Niemal dokładnie rok temu Królewscy przegrali 3:7 z Atletico. I choć był to tylko jeden z letnich sparingów, rozczarowanie i niepokój kibiców zrozumieć nietrudno. – Straciliśmy siedem goli, takie sytuacje nie powinny się zdarzać, ale tej porażki nie ma sensu roztrząsać – tonował nastroje Zidane.
Kilka miesięcy wcześniej Francuz podjął się misji ratunkowej. Real był wtedy w rozsypce. W ciągu tygodnia przegrał dwukrotnie z Barceloną przed własną publicznością, odpadł też już w 1/8 finału z Ligi Mistrzów, w której miał bronić tytułu. Zidane pomocy nie odmówił, mimo że wracając, ryzykował wiele.

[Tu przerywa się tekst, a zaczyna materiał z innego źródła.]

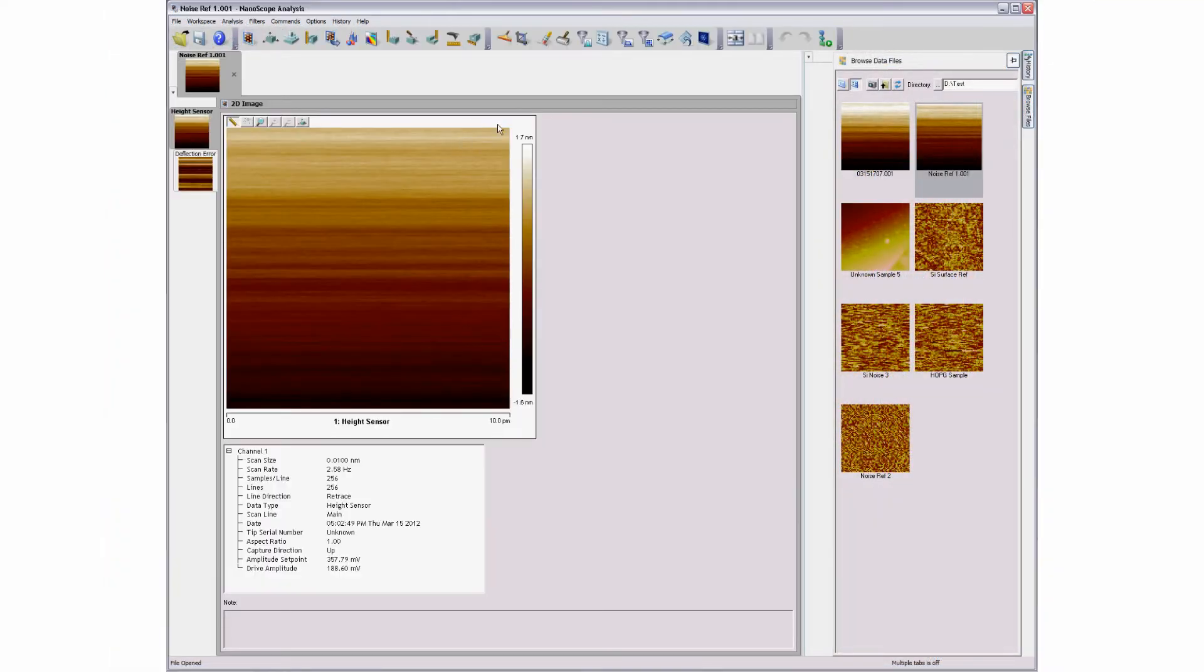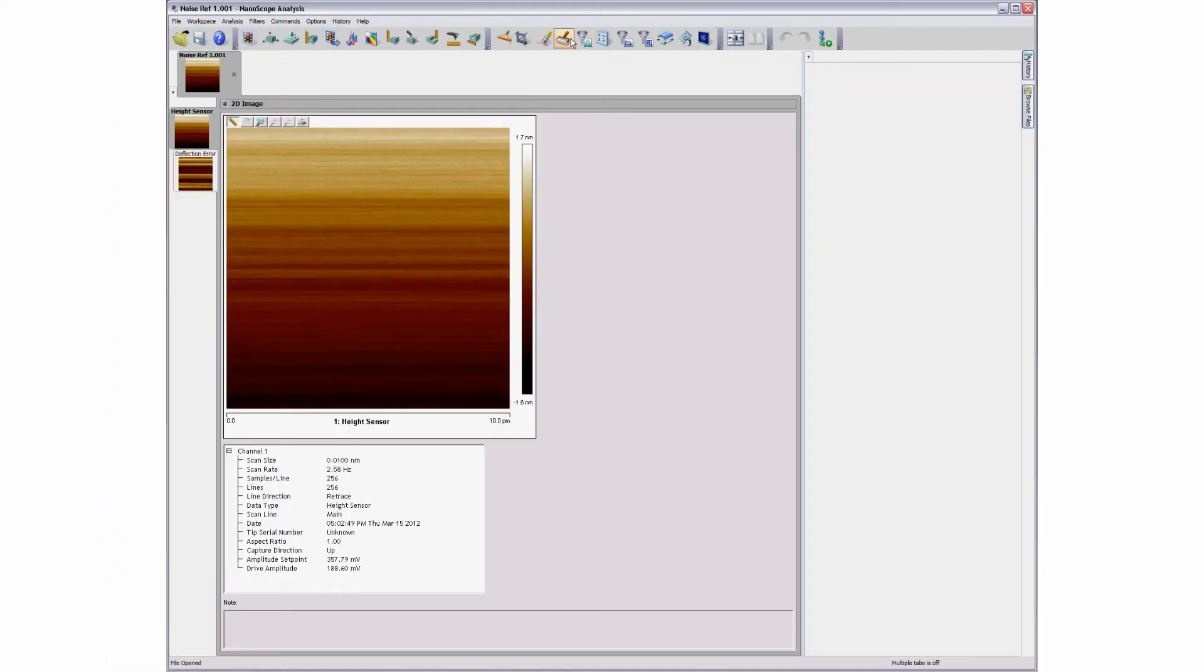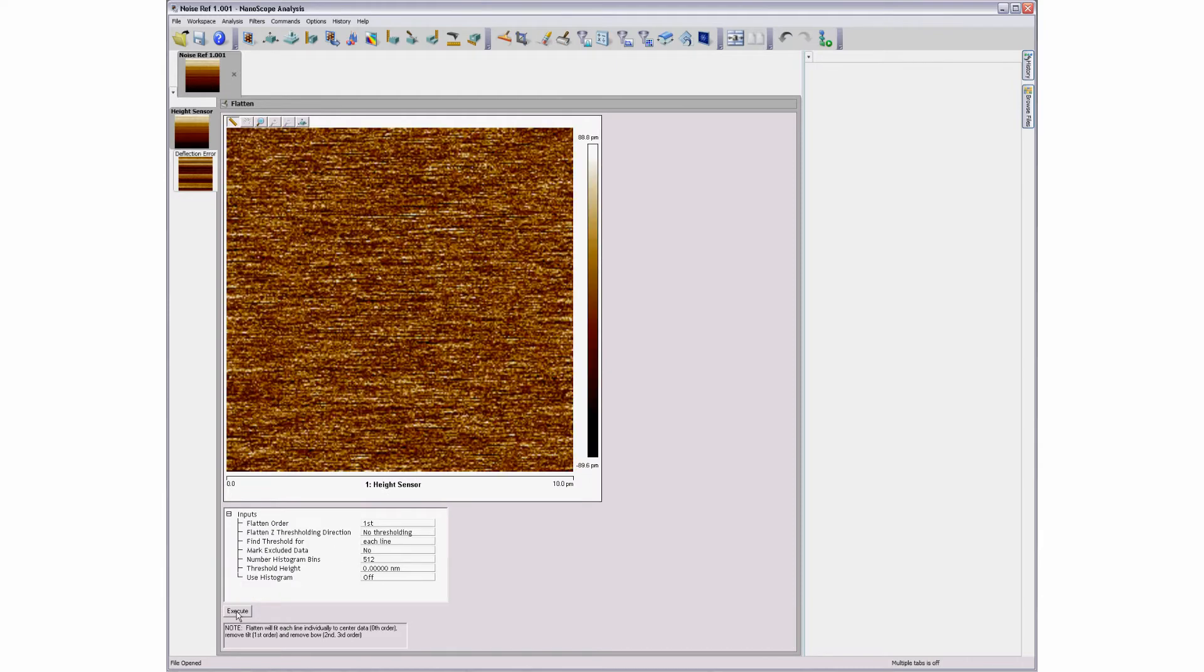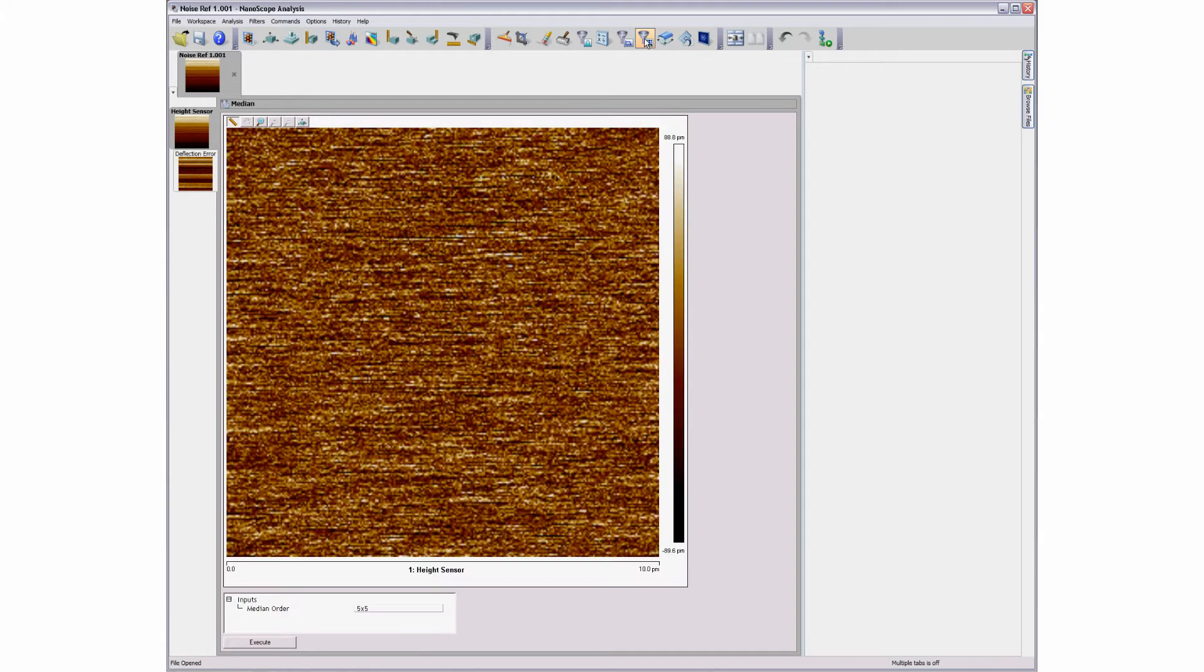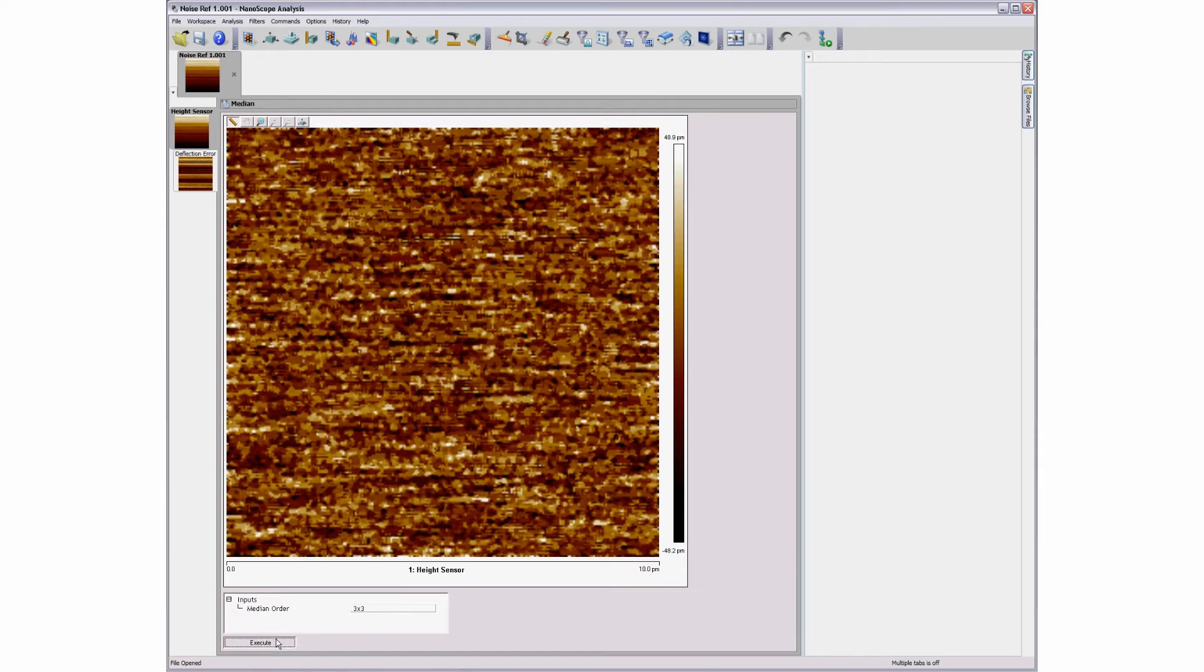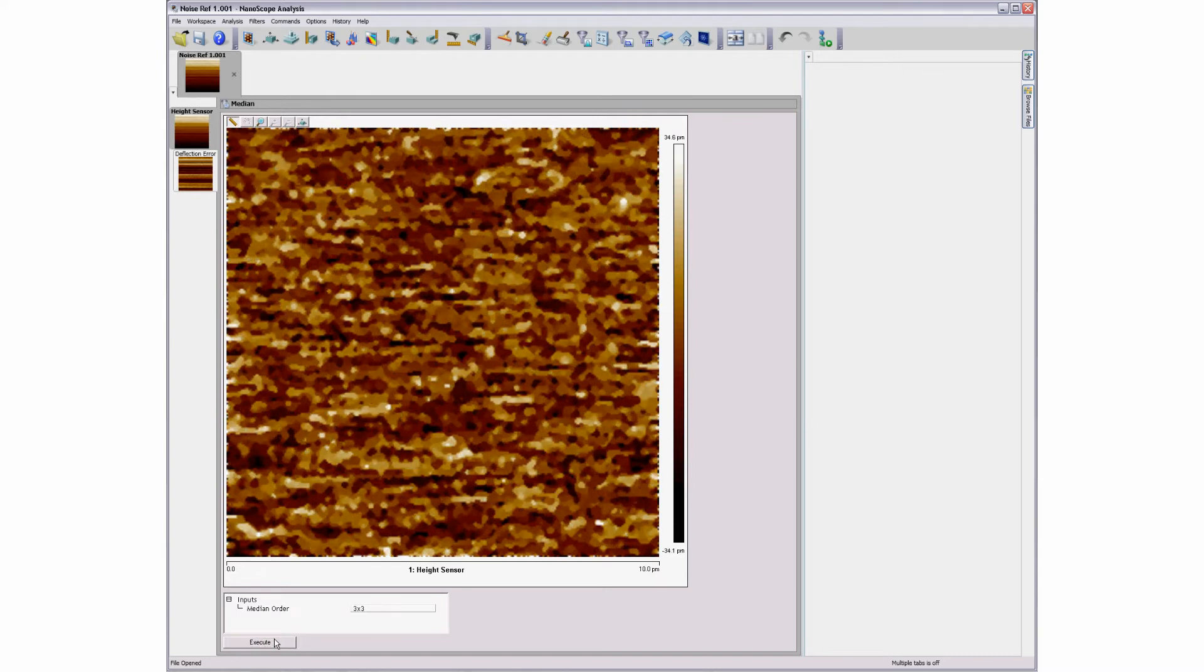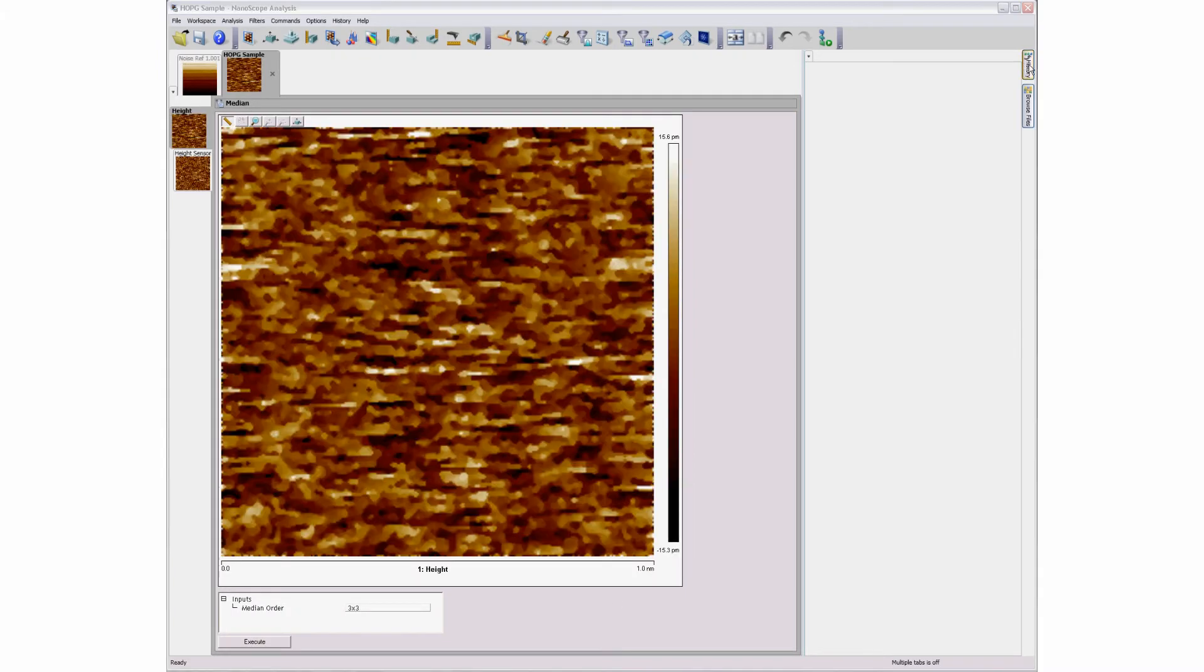Sometimes it may be necessary to process numerous image files using a set of sequential operations with multiple steps or repetitive commands. The user can perform a sequence of processing steps on a typical file and the steps will be recorded in the history cache.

Przez dwa i pół roku w Madrycie święcił triumfy, aż w końcu – po trzecim z rzędu zwycięstwie w Champions League – stwierdził, że zespół potrzebuje zmian i podał się do dymisji. Wraz z nim odszedł też Cristiano Ronaldo, z czym nie potrafili sobie poradzić trenerzy Julen Lopetegui, a następnie Santiago Solari.
Zidane nie doczekał się transferu Kyliana Mbappe, a kupieni za wielkie pieniądze Eden Hazard i Luka Jović leczyli kontuzje. Postanowił więc budować z tego, co ma.
Gdy tracisz gracza, który co roku gwarantował 40–50 goli, musisz przynajmniej dobrze bronić. I właśnie defensywa okazała się kluczem do sukcesu. Zidane wyciągnął wnioski ze wspomnianej porażki z Atletico. Real nie porywał grą, często się męczył, ale – co pokazał zwłaszcza finisz sezonu – był do bólu skuteczny.